EXERCISE OBJECTIVE:
Give the number of lines below that contain the string "with", and no other text.

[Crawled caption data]

------------------------------

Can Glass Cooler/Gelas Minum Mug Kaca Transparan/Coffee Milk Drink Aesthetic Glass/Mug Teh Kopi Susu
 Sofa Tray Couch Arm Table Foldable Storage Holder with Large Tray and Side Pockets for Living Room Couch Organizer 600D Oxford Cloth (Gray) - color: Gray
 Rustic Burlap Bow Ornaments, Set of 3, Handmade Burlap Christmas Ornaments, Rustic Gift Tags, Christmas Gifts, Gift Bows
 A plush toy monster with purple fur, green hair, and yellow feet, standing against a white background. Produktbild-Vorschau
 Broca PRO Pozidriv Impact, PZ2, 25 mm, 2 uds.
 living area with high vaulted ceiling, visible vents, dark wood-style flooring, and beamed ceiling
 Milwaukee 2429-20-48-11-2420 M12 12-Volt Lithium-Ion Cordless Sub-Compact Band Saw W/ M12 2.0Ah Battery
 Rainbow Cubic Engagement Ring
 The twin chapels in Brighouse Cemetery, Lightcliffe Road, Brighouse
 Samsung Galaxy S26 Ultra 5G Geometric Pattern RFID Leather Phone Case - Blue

------------------------------

COMPLETED TASK:
3